La mort d'El Hacen Diarra, survenue dans la nuit du 14 au 15 janvier au commissariat du 20e arrondissement de Paris, suscite une vive polémique. Le ministre de l'Intérieur, Laurent Nuñez, a récemment déclaré qu'il n'y avait « aucune raison de suspendre » les policiers impliqués dans cette affaire, affirmant sa confiance dans la justice pour établir les faits.

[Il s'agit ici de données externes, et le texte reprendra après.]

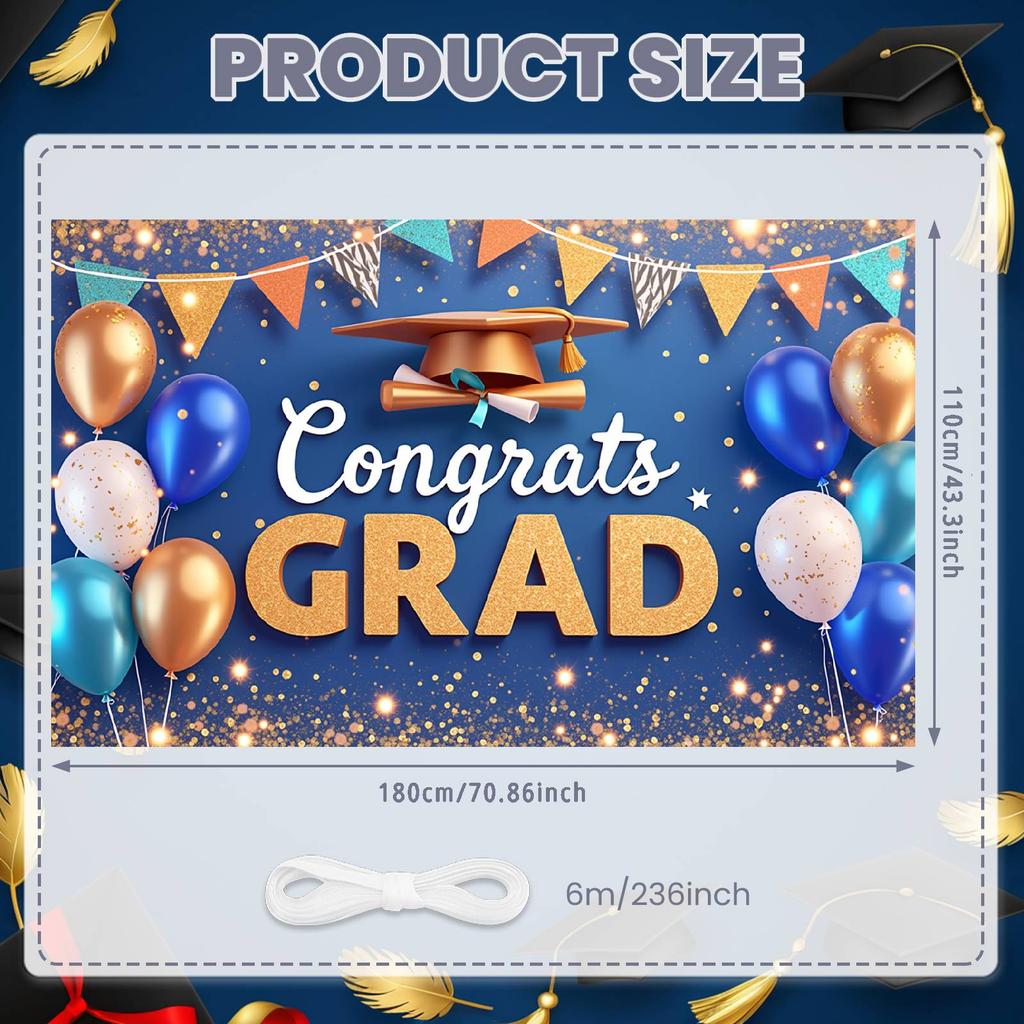 Graduate Display Triangular Flags Graduation Banner Degree Ceremony Backdrop Tassel Accent Grad Party Banner For Ceremony Photo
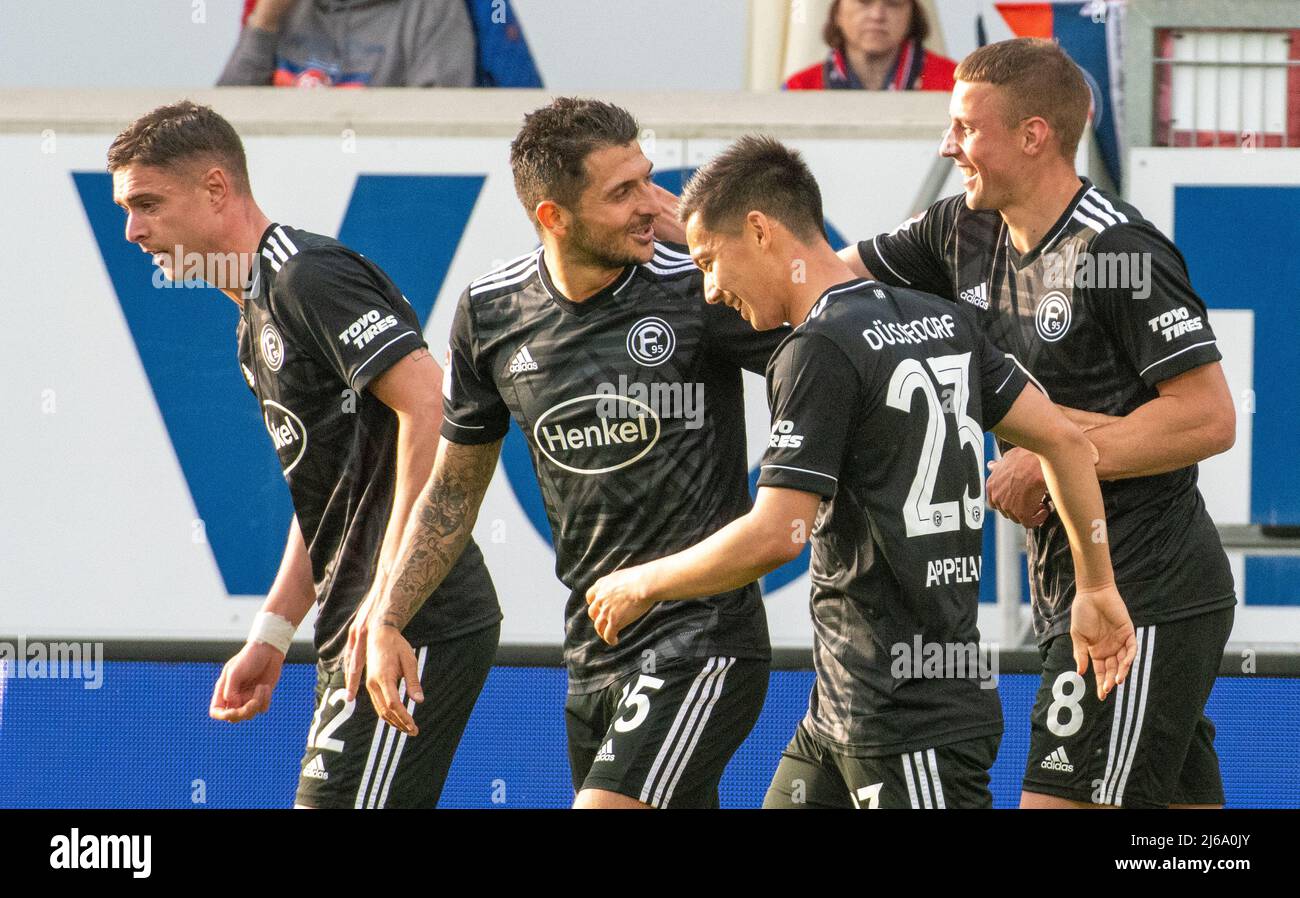 Germany. 29th Apr, 2022. 29 April 2022, Baden-Wuerttemberg, Heidenheim:  Soccer: 2nd Bundesliga, 1. FC Heidenheim - Fortuna Düsseldorf, Matchday 32,  Voith Arena. Düsseldorf's (l-r) Kristoffer Peterson, Matthias Zimmermann,  Shinta Appelkamp and Jakub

Une enquête judiciaire a été ouverte pour « violences volontaires par personne dépositaire de l’autorité publique » ayant entraîné la mort. Un fait troublant est survenu lors de son interpellation, filmée par des voisins qui ont assisté à des scènes d’une violence inquiétante. On y voit un policier porter des coups à Diarra, qui aurait notamment crié « Vous m’étranglez ! », selon les analyses sonores menées par la famille.
Nuñez a reconnu la réalité de ces coups portés sur Diarra, mais a également souligné que la cause de sa mort, survenue peu après son arrivée au commissariat, devait être clarifiée. « Il y a eu un contrôle relatif à une consommation de cannabis, suivi d'une altercation », a-t-il expliqué, tout en évoquant un incident au cours duquel un taser a été utilisé.
Cette tragédie a attiré l'attention sur les méthodes de la police française, notamment à travers un large débat public. Plusieurs experts en droit et des associations de défense des droits humains appellent à un examen minutieux des pratiques policières. Comme le souligne le rapport de l'Observatoire des Libertés publiques, « les violences policières doivent être traitées avec rigueur et transparence pour garantir la confiance du public envers les corps de sécurité ».
Dans ce contexte tendu, Me Yassine Bouzrou, l'avocat de la famille Diarra, a réclamé le placement en garde à vue des policiers concernés, arguant que les résultats d'autopsie étaient « caractéristiques » d'un étranglement. Cette affaire soulève de nombreuses questions sur l'usage de la force par les forces de l'ordre, et plusieurs manifestations ont déjà été annoncées pour réclamer justice et transparence.